To support its ongoing Open Strategy, Yahoo announced a handful of new offerings and enhancements:
- Smarter Yahoo! Mail. Thought to be the broadest implementation of its Open Strategy initiative, enhanced Y! Mail "learns" which messages, data and activities users most care about and pushes them to the top. Third-party apps can also be integrated.
- Yahoo! Toolbar (available here) provides access to news and customizable online tasks.
- Yahoo! Updates lets users see what their friends are doing on the the Yahoo network. Yahoo! Mail, Yahoo! Toolbar, Yahoo! Music, Yahoo! TV, and Yahoo! Travel join a number of other proprietary properties that "share" activity updates.
- My Yahoo!. Like Google's customized homepage, this feature lets users add applications, developed by third parties, to their Yahoo start pages.
Read more about the enhancements at Yahoo's Developer Blog.
Earlier this month, Yahoo announced plans to avail its back-end search infrastructure to programmers that wish to improve their site-specific search engines. TechCrunch was the first to deploy the program, dubbed BOSS.

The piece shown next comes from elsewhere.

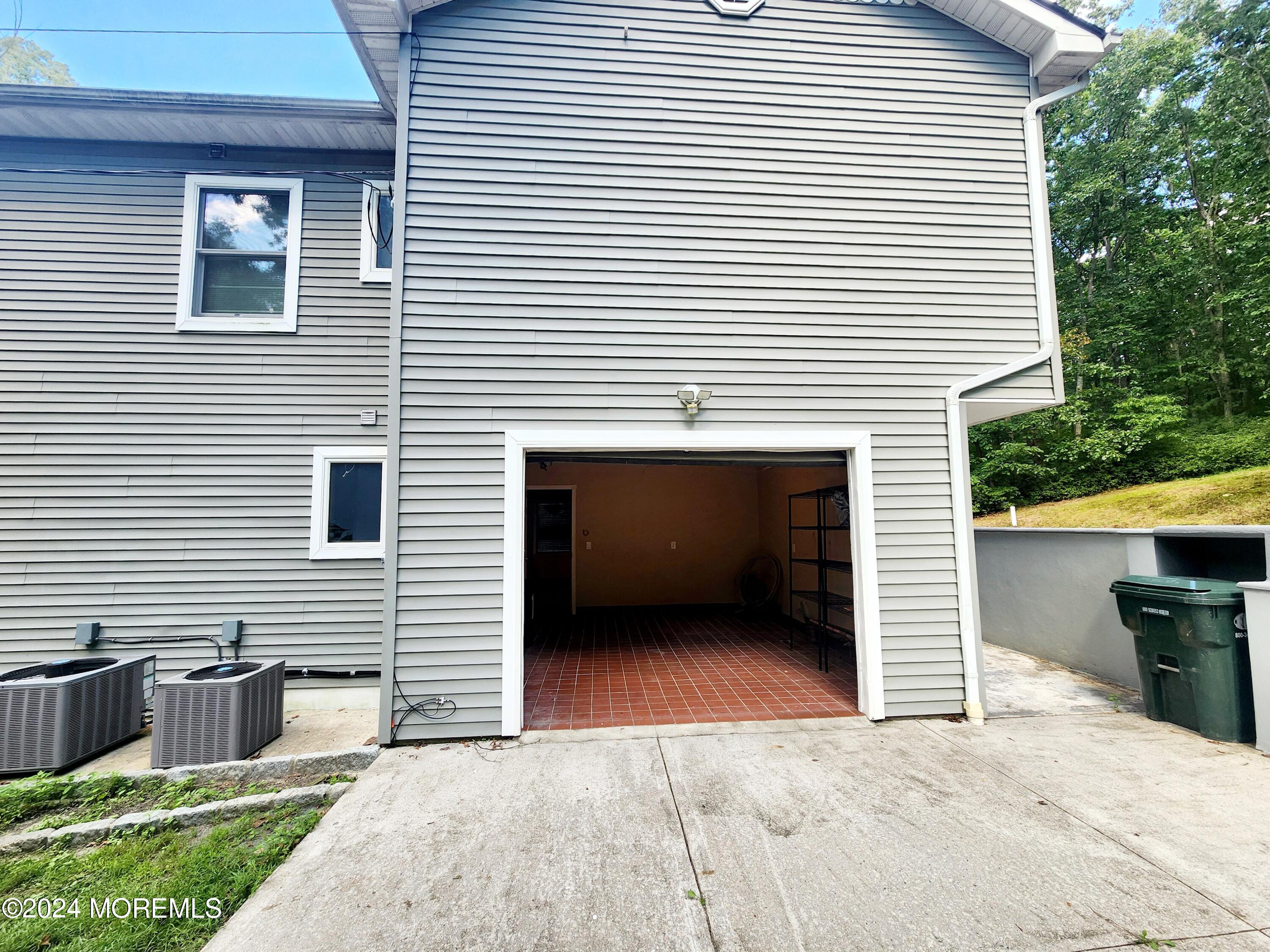 9 Francis Mills Road Freehold, NJ 07728 - Photo 34 of 39 a front view of a house with deck and yard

Rivals are also building more engaging experiences around existing offerings. In November Google incorporated voice and video chat into Gmail, its free email service. And in October, AOL added access to popular social networks in its revamped homepage.

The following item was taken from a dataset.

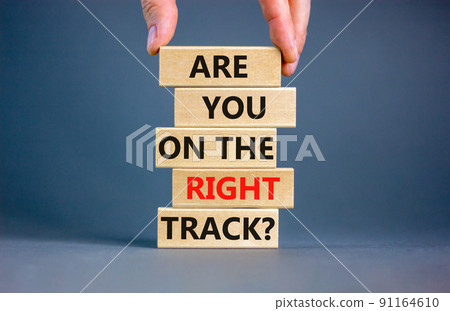 Right track symbol. Concept words Are you on the right track on wooden blocks on a beautiful grey table grey background. Businessman hand. Business motivational and right track concept. Right track symbol. Concept words Are you on the right track on wooden blocks on a beautiful grey table grey background. Businessman hand. Business motivational and right track concept. 91164610
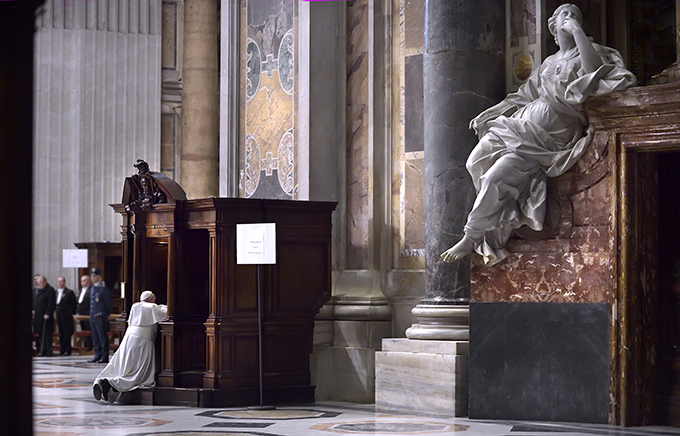 Pope Francis goes to confession during a Lenten penance service in St. Peter's Basilica at the Vatican March 13. (CNS photo/Stefano Spaziani)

Speaking of social features, Yahoo's recent slew of layoffs were likely the most socially engaging of a layoff-crazed media scene. Online sites covered the departures copiously, both in blogs and on Twitter — sometimes even in real-time — as Yahoo's revolving door turned on 1500 employees.
Media startup Tokbox even parked parked a taco truck outside Yahoo headquarters, waiting to poach desirable ex-laborers.